Vision transformer (VIT)
- Overview
- Some notes from the paper
- Implementation
- Patch embeddings
- Positional encodings with parameters
- MLP Classification Head
- Vision Transformer
Overview
I will describe the PyTorch implementation of the paper An Image is Worth 16x16 Words: Transformers for Image Recognition at Scale step by step in this blog .
Without any convolution layers, the Vision Transformer applies a pure transformer to images. The image is split into patches and a transformer is applied to patch embeddings. Patch embeddings are created by performing a simple linear transformation on the patch’s flattened pixel values. TThe patch embeddings and a classification token are then fed into a standard transformer encoder. With an MLP, the image is classified by the encoding of the classification token.
Because patch embeddings do not contain any information about where the patch came from, learned positional embeddings are added to the patch embeddings when feeding the transformer with patches.

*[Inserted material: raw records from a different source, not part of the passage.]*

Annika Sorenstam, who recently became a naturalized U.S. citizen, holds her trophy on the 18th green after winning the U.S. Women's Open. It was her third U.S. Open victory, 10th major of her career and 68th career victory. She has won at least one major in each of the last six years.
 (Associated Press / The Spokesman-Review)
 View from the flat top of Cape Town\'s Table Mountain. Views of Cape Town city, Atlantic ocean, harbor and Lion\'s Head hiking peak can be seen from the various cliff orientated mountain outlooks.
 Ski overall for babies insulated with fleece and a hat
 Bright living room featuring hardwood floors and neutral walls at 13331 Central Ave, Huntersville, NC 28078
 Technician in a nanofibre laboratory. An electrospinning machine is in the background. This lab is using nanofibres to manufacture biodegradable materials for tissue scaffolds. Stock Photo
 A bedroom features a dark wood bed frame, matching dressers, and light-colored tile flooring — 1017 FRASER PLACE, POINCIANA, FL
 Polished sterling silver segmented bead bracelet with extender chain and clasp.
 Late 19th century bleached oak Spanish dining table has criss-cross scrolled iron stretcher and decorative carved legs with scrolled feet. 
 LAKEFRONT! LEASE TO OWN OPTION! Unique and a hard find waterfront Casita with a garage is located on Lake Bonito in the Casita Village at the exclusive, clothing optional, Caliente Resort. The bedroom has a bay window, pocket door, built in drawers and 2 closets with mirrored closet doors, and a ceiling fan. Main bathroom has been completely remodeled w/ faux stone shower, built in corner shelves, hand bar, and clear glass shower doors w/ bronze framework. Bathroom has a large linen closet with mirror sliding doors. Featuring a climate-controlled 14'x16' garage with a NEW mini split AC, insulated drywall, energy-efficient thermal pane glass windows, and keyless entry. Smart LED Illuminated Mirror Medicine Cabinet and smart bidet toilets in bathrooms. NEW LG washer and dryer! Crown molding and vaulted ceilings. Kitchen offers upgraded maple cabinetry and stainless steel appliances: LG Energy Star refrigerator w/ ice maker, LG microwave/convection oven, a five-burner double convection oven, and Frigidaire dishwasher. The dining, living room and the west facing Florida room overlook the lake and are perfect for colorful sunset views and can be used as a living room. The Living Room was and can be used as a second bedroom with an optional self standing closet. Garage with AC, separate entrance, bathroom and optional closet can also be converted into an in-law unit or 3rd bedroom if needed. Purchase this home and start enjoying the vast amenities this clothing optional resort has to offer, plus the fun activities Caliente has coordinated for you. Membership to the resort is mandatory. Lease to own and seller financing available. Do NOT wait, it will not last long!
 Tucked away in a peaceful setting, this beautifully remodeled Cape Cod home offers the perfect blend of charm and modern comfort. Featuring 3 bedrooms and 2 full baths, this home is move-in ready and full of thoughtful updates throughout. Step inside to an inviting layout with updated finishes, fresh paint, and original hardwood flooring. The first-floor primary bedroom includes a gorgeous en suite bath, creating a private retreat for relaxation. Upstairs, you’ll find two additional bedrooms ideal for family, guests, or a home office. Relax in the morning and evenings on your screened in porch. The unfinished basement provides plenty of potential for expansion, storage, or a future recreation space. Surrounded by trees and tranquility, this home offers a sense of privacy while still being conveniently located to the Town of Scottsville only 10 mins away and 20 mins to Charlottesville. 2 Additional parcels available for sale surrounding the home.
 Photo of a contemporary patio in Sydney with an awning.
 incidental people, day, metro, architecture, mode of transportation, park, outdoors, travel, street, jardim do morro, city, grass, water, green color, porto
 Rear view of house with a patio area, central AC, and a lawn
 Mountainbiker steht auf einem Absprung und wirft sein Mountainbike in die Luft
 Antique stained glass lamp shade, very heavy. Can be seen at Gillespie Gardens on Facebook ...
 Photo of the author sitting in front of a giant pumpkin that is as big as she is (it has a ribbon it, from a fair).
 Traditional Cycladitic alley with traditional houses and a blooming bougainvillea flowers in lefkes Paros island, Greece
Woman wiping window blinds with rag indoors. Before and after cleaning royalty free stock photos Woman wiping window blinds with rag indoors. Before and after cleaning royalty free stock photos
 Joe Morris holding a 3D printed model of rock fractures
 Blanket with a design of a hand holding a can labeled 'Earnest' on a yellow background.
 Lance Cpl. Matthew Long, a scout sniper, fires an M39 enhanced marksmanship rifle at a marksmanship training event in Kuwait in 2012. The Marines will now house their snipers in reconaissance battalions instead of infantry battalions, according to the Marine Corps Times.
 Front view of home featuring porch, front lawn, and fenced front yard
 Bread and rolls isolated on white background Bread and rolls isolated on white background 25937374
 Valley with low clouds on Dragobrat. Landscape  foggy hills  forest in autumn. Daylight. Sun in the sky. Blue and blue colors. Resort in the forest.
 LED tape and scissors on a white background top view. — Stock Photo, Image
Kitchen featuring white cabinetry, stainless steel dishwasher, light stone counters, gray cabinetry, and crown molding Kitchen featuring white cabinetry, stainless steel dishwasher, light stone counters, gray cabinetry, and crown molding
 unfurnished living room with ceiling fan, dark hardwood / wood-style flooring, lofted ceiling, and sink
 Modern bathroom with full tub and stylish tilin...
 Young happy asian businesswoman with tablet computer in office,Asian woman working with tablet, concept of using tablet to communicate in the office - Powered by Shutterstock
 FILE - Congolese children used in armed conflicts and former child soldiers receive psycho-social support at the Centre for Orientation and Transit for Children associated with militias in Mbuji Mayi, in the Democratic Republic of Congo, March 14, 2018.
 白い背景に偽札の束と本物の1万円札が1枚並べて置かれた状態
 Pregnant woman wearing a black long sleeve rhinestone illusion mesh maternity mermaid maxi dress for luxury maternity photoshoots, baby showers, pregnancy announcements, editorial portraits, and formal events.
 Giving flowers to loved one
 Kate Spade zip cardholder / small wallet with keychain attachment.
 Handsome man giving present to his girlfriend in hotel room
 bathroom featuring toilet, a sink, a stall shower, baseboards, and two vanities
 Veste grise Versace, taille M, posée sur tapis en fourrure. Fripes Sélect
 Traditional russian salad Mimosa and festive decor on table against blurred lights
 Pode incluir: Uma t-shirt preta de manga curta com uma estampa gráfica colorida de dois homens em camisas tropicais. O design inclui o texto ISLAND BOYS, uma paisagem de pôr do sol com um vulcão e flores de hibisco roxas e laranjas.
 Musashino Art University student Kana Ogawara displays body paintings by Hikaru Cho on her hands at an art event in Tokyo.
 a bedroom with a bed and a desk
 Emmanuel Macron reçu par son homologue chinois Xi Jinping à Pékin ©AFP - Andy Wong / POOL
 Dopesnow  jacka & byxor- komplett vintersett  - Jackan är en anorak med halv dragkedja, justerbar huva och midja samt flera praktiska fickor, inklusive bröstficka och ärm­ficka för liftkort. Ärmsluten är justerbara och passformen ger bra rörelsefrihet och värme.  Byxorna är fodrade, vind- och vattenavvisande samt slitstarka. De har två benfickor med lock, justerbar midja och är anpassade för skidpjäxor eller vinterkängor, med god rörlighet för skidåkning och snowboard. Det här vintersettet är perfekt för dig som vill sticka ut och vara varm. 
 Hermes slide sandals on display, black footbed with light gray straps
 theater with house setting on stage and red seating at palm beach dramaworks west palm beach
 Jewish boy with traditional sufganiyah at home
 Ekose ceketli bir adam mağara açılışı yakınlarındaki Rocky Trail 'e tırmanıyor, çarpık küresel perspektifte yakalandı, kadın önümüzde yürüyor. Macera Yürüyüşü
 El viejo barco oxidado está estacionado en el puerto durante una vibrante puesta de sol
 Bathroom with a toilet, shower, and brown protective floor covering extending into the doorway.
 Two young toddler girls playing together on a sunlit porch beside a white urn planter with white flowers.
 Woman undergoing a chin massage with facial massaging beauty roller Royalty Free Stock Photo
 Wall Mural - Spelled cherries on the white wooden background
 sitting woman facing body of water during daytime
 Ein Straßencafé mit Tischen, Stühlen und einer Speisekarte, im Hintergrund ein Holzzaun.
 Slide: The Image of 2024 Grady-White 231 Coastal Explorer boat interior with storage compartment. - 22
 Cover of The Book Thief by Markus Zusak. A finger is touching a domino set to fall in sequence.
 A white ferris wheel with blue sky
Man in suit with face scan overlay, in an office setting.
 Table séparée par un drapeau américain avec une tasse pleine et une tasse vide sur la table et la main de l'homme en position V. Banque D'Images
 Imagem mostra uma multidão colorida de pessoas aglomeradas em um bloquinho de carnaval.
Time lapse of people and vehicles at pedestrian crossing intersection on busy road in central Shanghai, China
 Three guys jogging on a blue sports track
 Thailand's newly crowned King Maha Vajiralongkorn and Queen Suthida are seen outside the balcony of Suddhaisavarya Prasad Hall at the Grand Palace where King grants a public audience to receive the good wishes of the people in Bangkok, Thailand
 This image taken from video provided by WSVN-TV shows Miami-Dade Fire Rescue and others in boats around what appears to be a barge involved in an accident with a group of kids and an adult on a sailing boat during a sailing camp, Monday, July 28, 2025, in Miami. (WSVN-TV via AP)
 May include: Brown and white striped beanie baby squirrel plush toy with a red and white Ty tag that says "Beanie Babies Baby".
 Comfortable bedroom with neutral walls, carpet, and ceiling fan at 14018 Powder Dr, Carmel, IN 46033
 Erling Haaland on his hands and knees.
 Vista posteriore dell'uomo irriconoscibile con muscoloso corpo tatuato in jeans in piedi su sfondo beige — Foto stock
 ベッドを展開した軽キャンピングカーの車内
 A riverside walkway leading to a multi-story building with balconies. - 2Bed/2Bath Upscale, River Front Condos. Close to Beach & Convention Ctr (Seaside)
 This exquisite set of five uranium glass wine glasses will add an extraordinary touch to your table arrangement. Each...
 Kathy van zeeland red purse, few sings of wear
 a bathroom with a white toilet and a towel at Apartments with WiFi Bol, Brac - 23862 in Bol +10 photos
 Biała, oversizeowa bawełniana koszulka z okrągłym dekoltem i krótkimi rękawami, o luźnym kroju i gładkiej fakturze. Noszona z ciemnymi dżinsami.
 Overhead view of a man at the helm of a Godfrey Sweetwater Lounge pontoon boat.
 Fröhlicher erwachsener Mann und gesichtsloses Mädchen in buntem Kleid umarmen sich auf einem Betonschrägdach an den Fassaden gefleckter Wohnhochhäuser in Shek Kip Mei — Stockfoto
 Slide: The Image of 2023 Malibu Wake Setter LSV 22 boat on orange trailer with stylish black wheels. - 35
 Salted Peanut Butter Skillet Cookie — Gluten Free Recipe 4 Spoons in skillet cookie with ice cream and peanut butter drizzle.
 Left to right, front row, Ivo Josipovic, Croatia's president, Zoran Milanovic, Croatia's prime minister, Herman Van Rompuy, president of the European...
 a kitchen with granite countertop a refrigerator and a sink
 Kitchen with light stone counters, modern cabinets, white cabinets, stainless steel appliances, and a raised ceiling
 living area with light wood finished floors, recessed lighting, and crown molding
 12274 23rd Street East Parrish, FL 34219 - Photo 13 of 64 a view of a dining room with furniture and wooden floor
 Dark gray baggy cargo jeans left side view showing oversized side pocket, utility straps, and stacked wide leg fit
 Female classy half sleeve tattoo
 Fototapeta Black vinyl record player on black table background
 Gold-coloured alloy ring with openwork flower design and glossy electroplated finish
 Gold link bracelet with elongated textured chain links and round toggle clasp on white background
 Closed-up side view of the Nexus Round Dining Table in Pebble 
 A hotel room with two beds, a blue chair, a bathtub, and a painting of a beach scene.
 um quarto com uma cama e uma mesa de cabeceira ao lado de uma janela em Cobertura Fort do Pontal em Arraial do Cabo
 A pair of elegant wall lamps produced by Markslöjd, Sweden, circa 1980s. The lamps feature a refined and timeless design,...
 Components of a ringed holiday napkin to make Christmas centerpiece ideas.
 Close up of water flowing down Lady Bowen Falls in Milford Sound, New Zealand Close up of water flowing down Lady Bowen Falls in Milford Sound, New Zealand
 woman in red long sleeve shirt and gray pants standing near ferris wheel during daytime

The positional embeddings, along with other parameters, are a set of vectors for each patch location..
Some notes from the paper
- ViTs that are pre-trained on large datasets perform well. A single linear layer should be used when fine-tuning a model trained with an MLP classification head. By using a ViT pretrained on 300 million images, the paper beats SOTA.
- While the patch size remains the same, they use higher resolution images during inference. In order to calculate positional embeddings for new patches, learning positional embeddings are interpolated.
Implementation
Patch embeddings
The paper divides the image into equal-sized patches and performs a linear transformation on each patch’s flattened pixels. Because it’s easier to build, we employ a convolution layer to achieve the same result.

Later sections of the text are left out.